# wat kind of parts are good....



## JstyleZ (Sep 16, 2004)

im new with cars....and i got a 05 altima 2.5S....and i need help...can anyone please help me with wat parts are good fo the car....plz

.: EDIT :.
yea i do want to make faster but is it ok on a 4cly?....hopefully it is....and about handle wat is good handle?.....and i def. want it to look nice...thanks alot


----------



## Ruben (Oct 15, 2002)

What do want to do? Make it faster? Handle better? Look Better?
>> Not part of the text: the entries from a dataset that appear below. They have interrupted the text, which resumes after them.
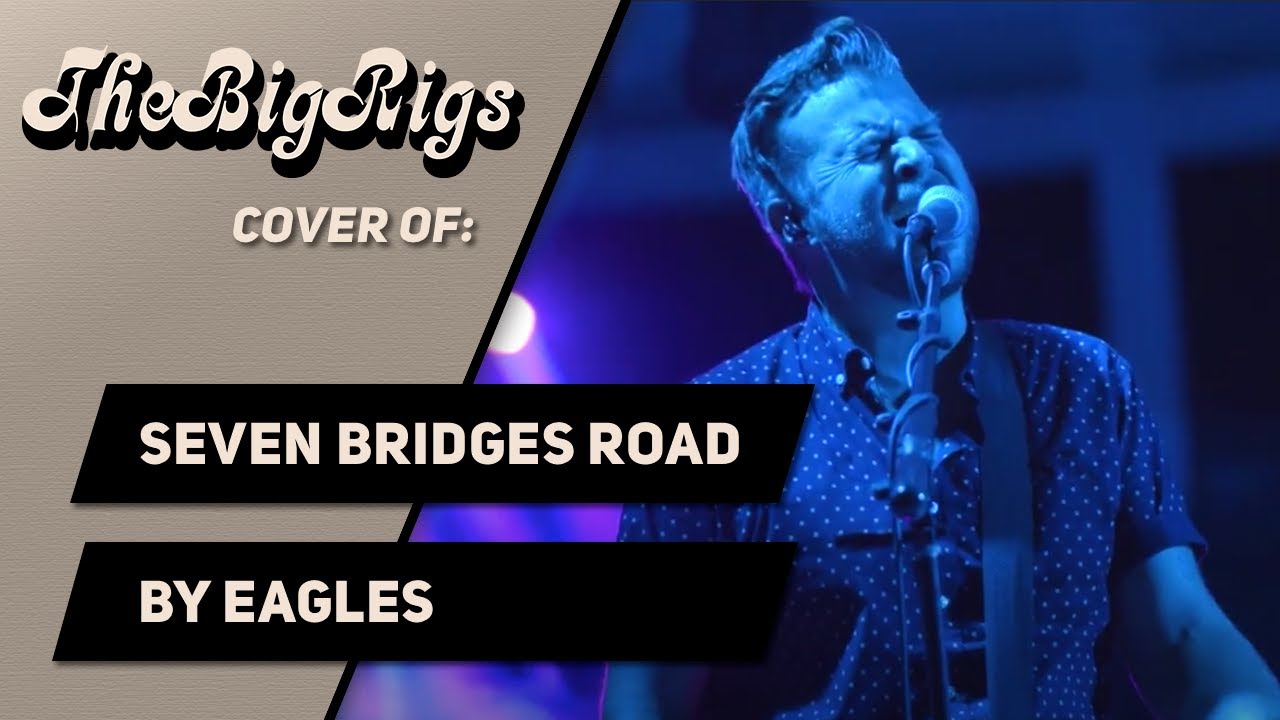Seven Bridges Road by Eagles (The Big Rigs Live Cover) - YouTube Music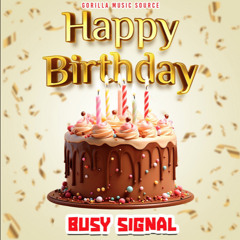 Busy Signal - Happy Birthday   INSTRUMENTAL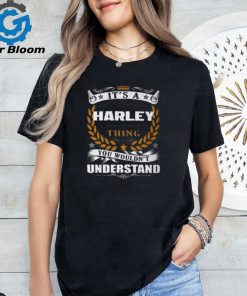 Its A Harley Thing You Wouldnt Understand Harley For Harley Unisex T Shirt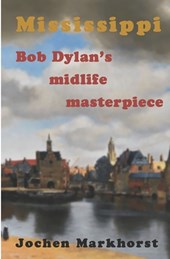 Mississippi: Bob Dylan's midlife masterpiece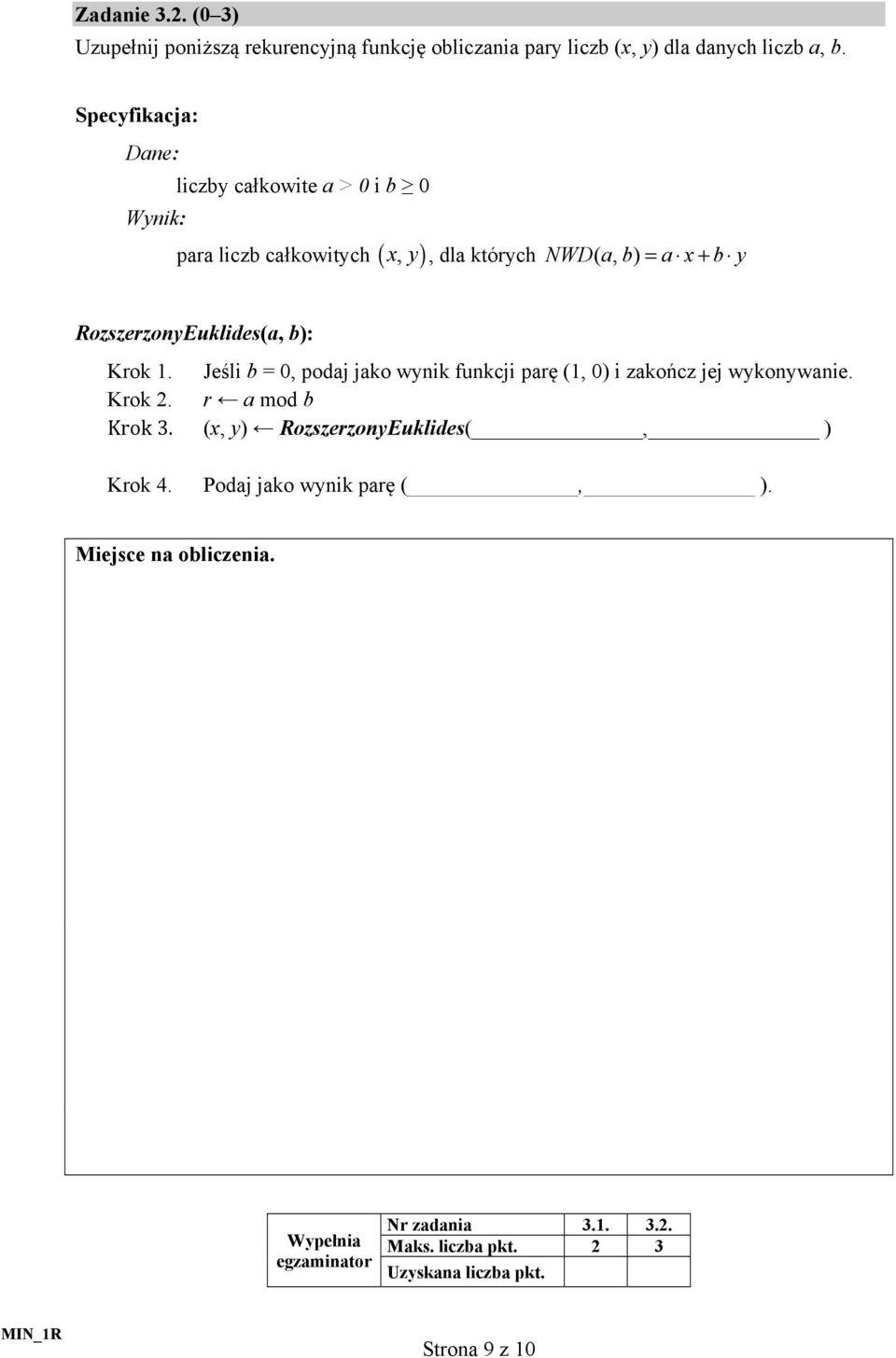 RozszerzonyEuklides(a, b): Krok 1. Jeśli b = 0, podaj jako wynik funkcji parę (1, 0) i zakończ jej wykonywanie. Krok 2. r a mod b Krok 3.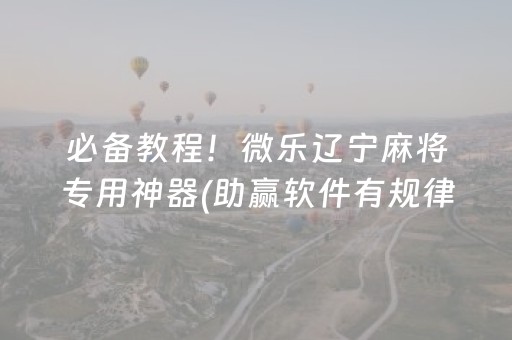 必备教程！微乐辽宁麻将专用神器(助赢软件有规律吗)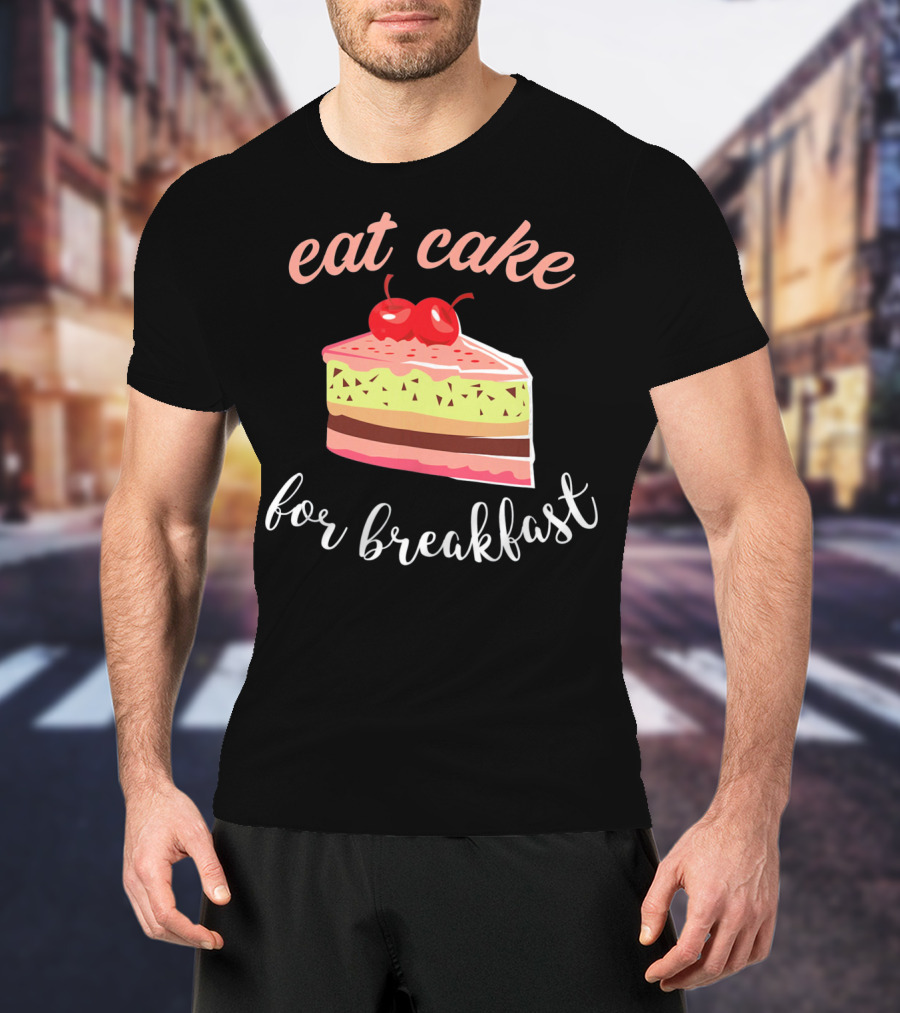 Eat Cake For Breakfast Sweet Food With Cherry-Topped Layer Cake T-Shirt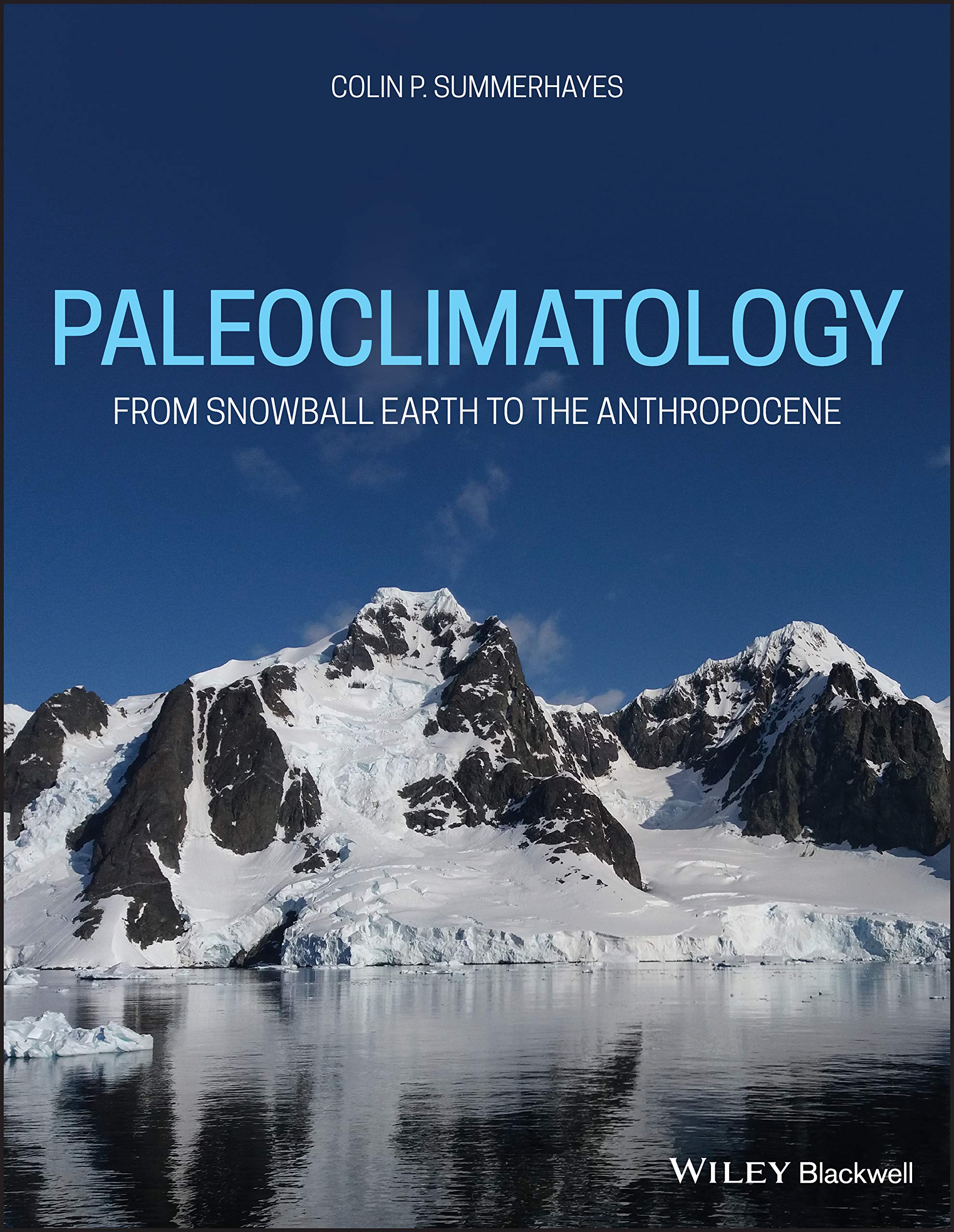Palaeoclimatology: From Snowball Earth to the Anthropocene book
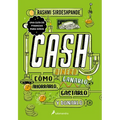 Dinero: Cómo Ganarlo, Ahorrarlo, Gastarlo Y Donarlo / Cash: How to Earn It, Save It, Spend It, Grow It, Give It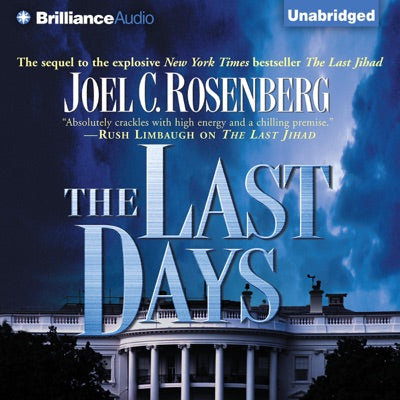 The Last Days: Political Thrillers Series #2 (Unabridged)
Answers to those questions will help us help you. 

Congrats on the new car!


----------



## [email protected] (Nov 13, 2002)

For handling, check out our new 8-way adjustable rear shocks:

http://www.activetuning.com/products/atpid8

Also, springs, and Stillen's rear sway bar will make a ton of difference.

You can learn a lot here:

http://www.activetuning.com/pat/1

http://www.activetuning.com/pat/3

Hope that helps!


----------



## jayman9207 (Nov 20, 2002)

^^^What he said!!^^^

The AT KYB Shocks are awesome!! Also rims and tires for handeling and looks.

Intake and exhaust would be a good place to start for performance.


----------



## GregV (Apr 30, 2002)

jayman9207 said:


> ^^^What he said!!^^^
> 
> The AT KYB Shocks are awesome!! Also rims and tires for handeling and looks.
> 
> Intake and exhaust would be a good place to start for performance.


Don't forget about the Nismo suspension. It may say 6cyl only, but it also fits the 4 cyl as well. And we have intake and exhaust in stock too.


----------



## Marvin (Oct 16, 2002)

Greg,

Any special pricing coming up on the suspension? GB or otherwise?


----------